Tuesday, September 11, 2012

A Con-man Visits an Old Woman who Lives in a Rent-Controlled Apartment …in at least 350 Words



Reginald Spalding was a tall man, about six-three, and he was wearing his favorite fedora.
He wore this whenever he was out on a job. The marks were always trusting of a man in a hat. It wasn’t quite as inexplicable as that single sentence made it sound, though. Think of it. Santa wears a hat. The Pope wears a hat. In all of the pictures of the Easter Bunny where he is looking his most trustworthy, he is wearing a colorful hat.

Reginald Spalding wore a hat. His was grey with a warped brim.

His be-hatted frame tiptoed lightly up the porch steps of the big brownstone monolith that hulked over the corner of 4th and Henninga. His narrow, spidery hand rang the buzzer for Apartment 3B. He read the name above the button. Bannister. He waited.

“Yes? Hello? Yes?” came the response. A woman. She sounded old.  Perhaps in her late 70s, if she wasn’t a smoker, her 40s if she was. Reginald Spalding was in his 40s, so perhaps 40 wasn’t old. Reginald didn’t smoke. Not when he was on a job.

“Good afternoon, Ms. Bannister!” he said in his most cheerful, harmless voice. “May I have a few moments of your time?”

“What are you selling?”

Shit. This one wasn’t going to be as easy as he thought. She was careful. Reginald hated the careful ones.

“Why, I represent a…”

Fuck! Think, man! Think!

“…a concern,” he said, and smiled. Yes, that ought to do the trick.

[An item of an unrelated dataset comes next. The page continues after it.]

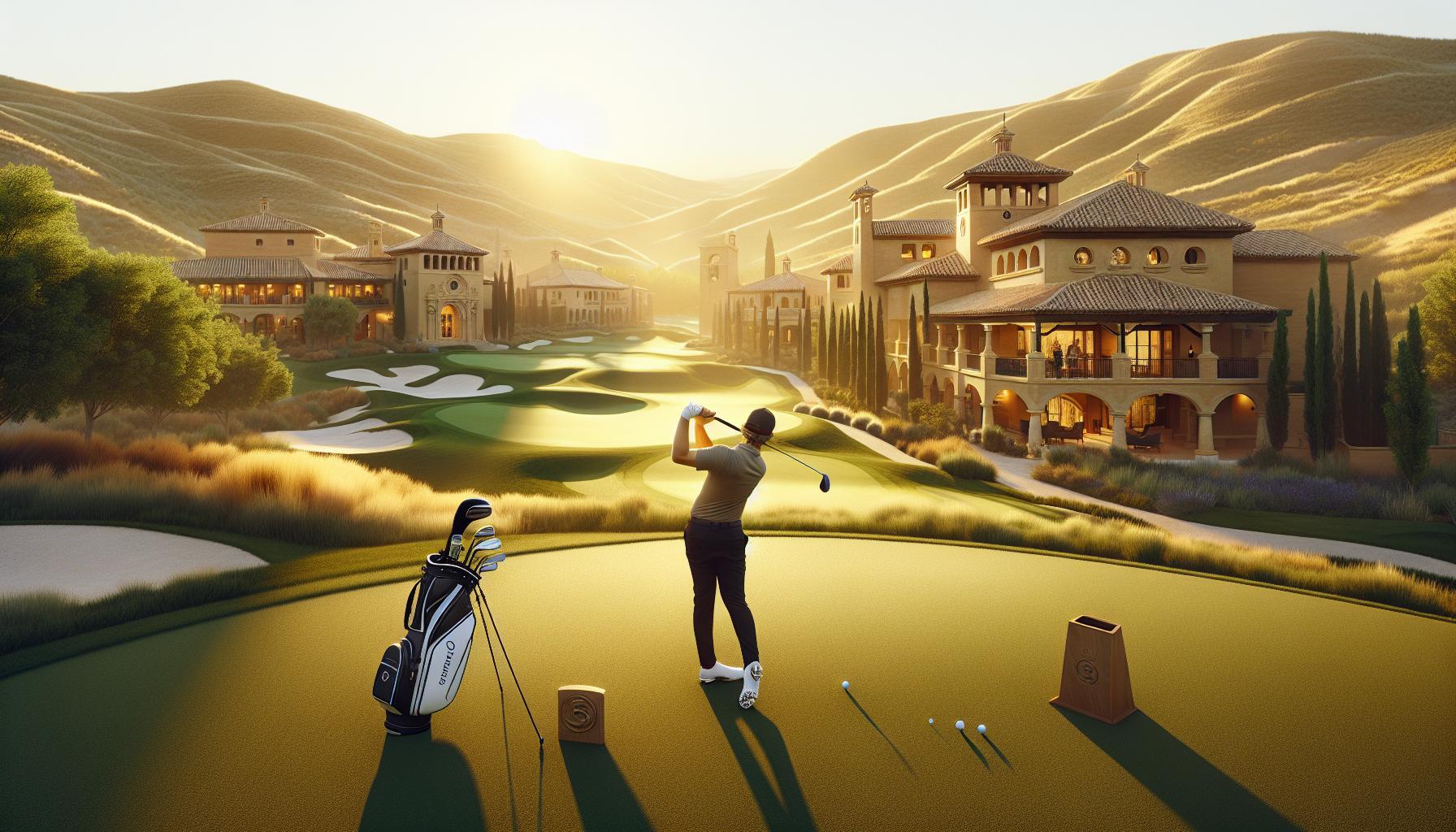 Los mejores campos de golf en Zaragoza: una guía completa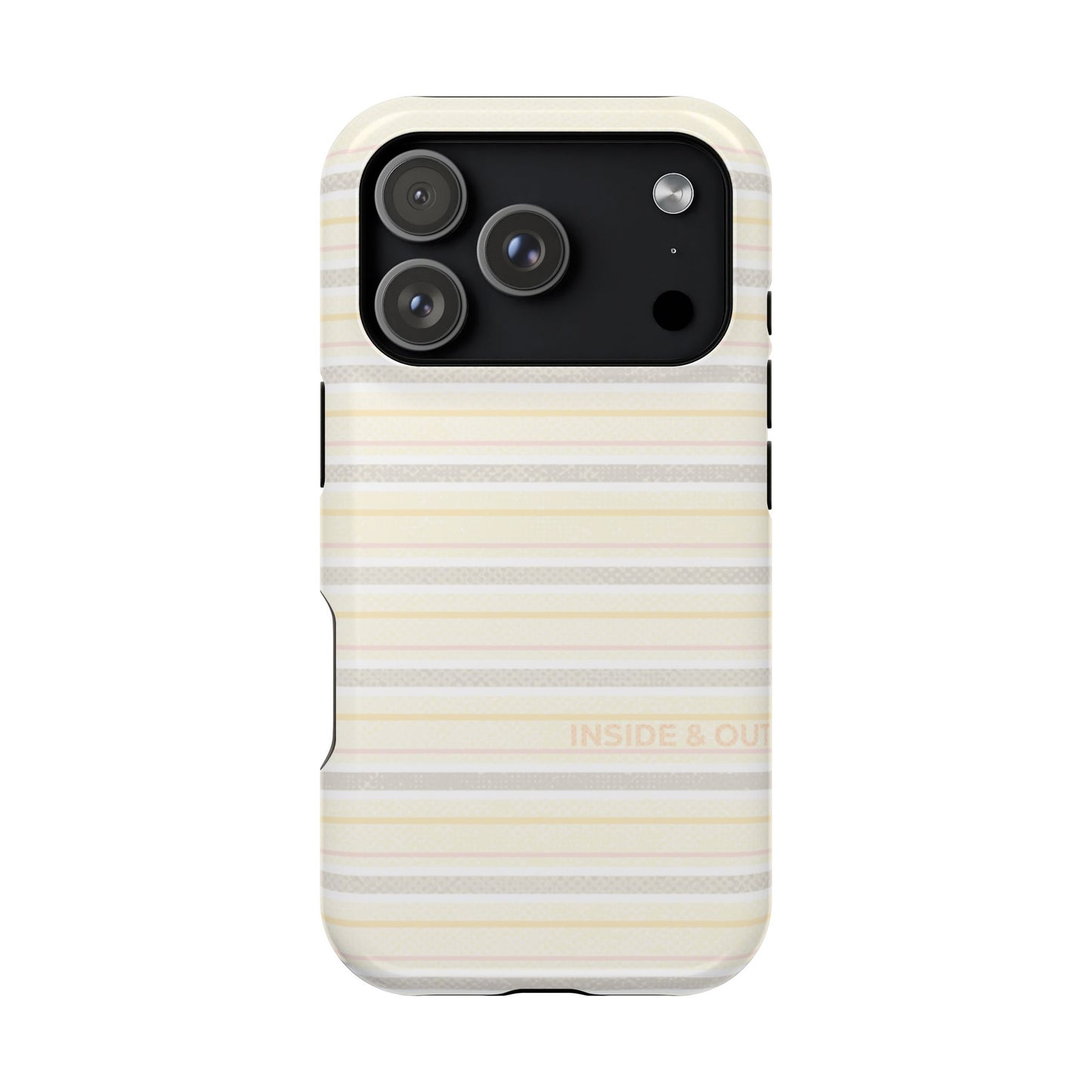 Neapolitan Striped Tough Case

That ought to work just fine. “Yes, a concern,” he continued, still smiling, the smile forcing his voice to take on a clean, brassy timbre, “that deals in only the finest services imaginable. In no way would this concern seek to con you out of your considerable investments, Ms. Bannister.”

“How did you get my name?” the voice crackled from the intercom speaker.

Goddammit.

“A list!” Reginald chirped. Ha. Perfect.

“Look, sir,” Ms. Bannister said. Her voice dipped an octave when she said sir, dusting it with a fine layer of stank. “I live in a rent-controlled apartment. I’m pretty sure you know what that means.”
 
Reginald’s mind raced. He shifted his empty briefcase from one hand to the other. Suddenly, it seemed foolish to be wearing a fedora. It was too hot out today for a hat.

“If you would just give me a second to prove, ma’am, that I am not a con man in any sense of the word!” he ejaculated. “I am, in fact, entirely harmless!” he added. He smirked. That was a good bit, there.

“Get off my rent-controlled steps before I drop a rent-controlled air-conditioner on you, sonny.” The voice practically punched its way through the speaker grille.

Fine, thought Reginald. He skipped lightly out onto the sidewalk and merged smoothly into the flow of pedestrians. He’d be back tomorrow with a different colored hat. The old woman would be a tough nut to crack, but Reginald had a lot of time and a lot of hats.